Justin Gage: Oh, it would’ve been done years ago. The inside baseball of keeping any enterprise or relationship alive for 20 years is there’s a lot of ups and downs, and that’s true of Aquarium Drunkard, just from myriad issues, just trying to keep it online. But yeah, I mean, I don’t think it’s doomer to acknowledge those things. It’s just kind of the reality of where we are. And I do hope that there is a pivot back to people going back to online destinations, to having bookmarks versus having everything fed to them through a social media algorithm. I do think we’ve lost something there, but that’s not to say it couldn’t revert to that.

AD: I mean, I think that often societal or cultural shifts are intricately related to the mood. So as being on the internet becomes less fun or less enjoyable or less useful than maybe people’s behaviors will adjust. I mean, I think about that. I like to think that what we’re creating sort of super serves, the people who are looking for the kind of things that are a little more in depth.

Justin Gage: 100%. 

AD: But also are in a lot of ways less formal than a lot of the music writing that’s out there too, and more impressionistic. And to me, that’s another thing that I feel like has developed is that over the last, let’s say 20 years, the amount of people who are looking for a, should I listen to this? Or people don’t come to music writing necessarily for that thing anymore. Just that consumer guide sort of relationship to music. So I feel like as I think about what do I want to do with Aquarium Drunkard moving forward, when I think about it for myself, it’s like I think I want to help to continue to facilitate deeper engagement with this stuff in a way that feels maybe not to be entirely, but it also feels like that’s natural for me, is to try to do that when I can.

And I want to try to share that with people. And I also want there to be, I mean, feel personally bad often that I can’t cover all the artists and releases that I would want to because there’s o many people out there creating incredible stuff, and getting anything noticed is so hard for people these days on this internet that is so splintered. So I like to think of aquarium drunkard as like you said sort of a whole, and on that front, you’ve also always been making records too, first with Autumn Tone records, but Aquarium Drunkard’s partnership with ORG Music. So I wanted to note that in this 20 year look back too, is that there was the Brazil comp, there’s been Jesus People Music comps, there’s been Lagniappe Sessions comps through Light in the Attic and ORG. So it’s like that’s another part of the Aquarium Drunkard story that I think even takes it further off that offline mode. 
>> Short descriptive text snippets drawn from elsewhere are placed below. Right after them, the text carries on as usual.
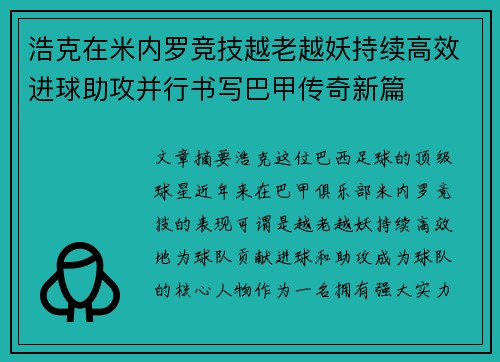 浩克在米内罗竞技越老越妖持续高效进球助攻并行书写巴甲传奇新篇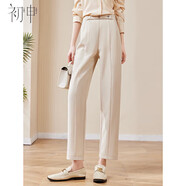 初申春秋休閑褲女設計感腰帶高腰直筒顯瘦通勤九分哈倫褲S13KK2517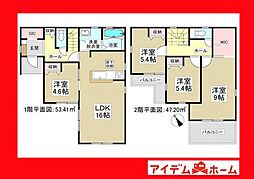 刈谷市井ケ谷町井田　4号棟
Justin Gage: From 2006 until 2019, Autumn Tone Records, which I founded, was putting out several releases per year by contemporary artists, and we still do manage that catalog. But since then, my personal pivot has just been an Aquarium Drunkard label in conjunction, primarily, with ORGMusic based here in Los Angeles. And while we have worked with some contemporary artists, Color Green, Cactus Lee, and some other folks, it’s largely been based around reissues and compilations. We did those two Brazilian compilations a couple of years ago. We did the two volumes of the Jesus People compilations that got their start as Aquarium Drunkard mixtapes with Josh at Blackforrestry maybe 15 years ago on the site. So yeah, there is this IRL component to AD that of course exists in the hundreds of parties and shows that we’ve put on not just LA and New York, but around the globe. 

AD: I remember all those New Orleans shows back in the day, always wishing I could have got to them.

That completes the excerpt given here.